The usual view of this is one of incredulity. How could they have drunk the poison? Why could anyone drink poison just because someone told them to?
For a normal citizen in a free society, the question makes sense. But for the people of Jonestown, being told to drink poison was simply the last in a long line of steps of intimidation. Sure, People’s Temple began with a lot of love and idealism. The charismatic Jim Jones seemed to offer a path to Utopia. But it ended with twelve months of physical and psychological brutalisation in a closed community surrounded by two hundred miles of South American jungle. As cult escapee Debbie Layton said, that jungle served as their prison walls.
Sadly, Jonestown was sold to these people as a paradise on Earth, an ideal society in a tropical climate. Apart from the climate, which turned out to be a grind anyway, the reality could not have been any more different. Jones ran his town as a police state, complete with harsh privations, informers, thought control, and so on. Inhabitants lived in crowded conditions. They were forced into twelve hour days of hard labour, fueled by pitiful rations. People were closely monitored, informed upon, and punished for the slightest infractions.
It’s a mistake to judge the entire movement just by its ending. There’s a book of interviews with ex-members of People’s Temple who weren’t at Jonestown. Some of them look back on People’s Temple as a time of great idealism, especially during the years in San Francisco in the early 70s. While of course there had been problems in San Francisco, it was largely after the group traveled to South America that events really went south.

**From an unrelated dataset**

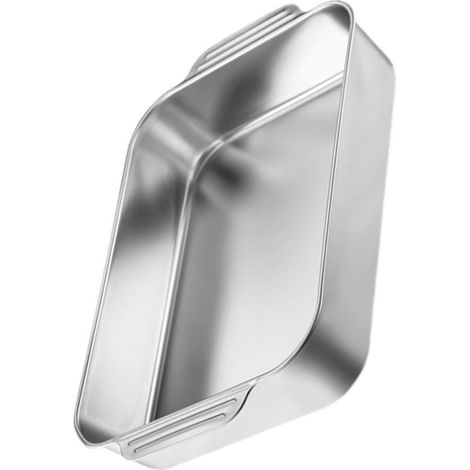 Plat Rectangulaire en Acier Inoxydable pour Four, Moule à Pâtisserie Antiadhésif, Plaque de Cuisson pour Poisson et Barbecue (1/5)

Before reading about it, I assumed Jones’ cult was a religious group, yet it turned out this was largely a front for Jones’ real aim, which was to establish a socialist society. If it was once based on genuine political ideals, Jonestown finally served as a model for many of the failings associated with socialist societies. It did not help that Jones turned into an utter madman by the last twelve months of his life, but with the crushing of individual thought, strict social control, informing and citizen abuse, Jones established a mini-regime over the inhabitants of his jungle city. While Jonestown did not go as far as public executions or murder, in all others ways, it appeared to be a microcosm of the most notorious 20th century totalitarian regimes.
How could they drink the poison? The thing is that once you were in Jonestown, you were there to stay. In her book Seductive Poison, Debbie Layton described the near impossibility of escape. She only managed it through her position as a trusted, high up member. For anyone else, escape was almost out of the question.
I’ve also read Raven, Tim Reiterman’s dry, journalistic account of People’s Temple. It’s exhaustively detailed, and a fascinating study. Yet it was in Layton’s personal story that the conditions of Jonestown come across with more immediacy. Far from being a socialist paradise on Earth, Jim Jones’ police state in the jungle was closer to a hell. The real question is not so much ‘how could they have drunk the poison?’ as ‘how could they not have drunk it?’ To a large degree, they had little choice. In the end, it’s possible death would have come as a relief to a good many of the Jonestown citizens. That poison would have brought a minute of agony, then relief from the cruel reality into which they had stumbled. In the end, that was the only escape they could find.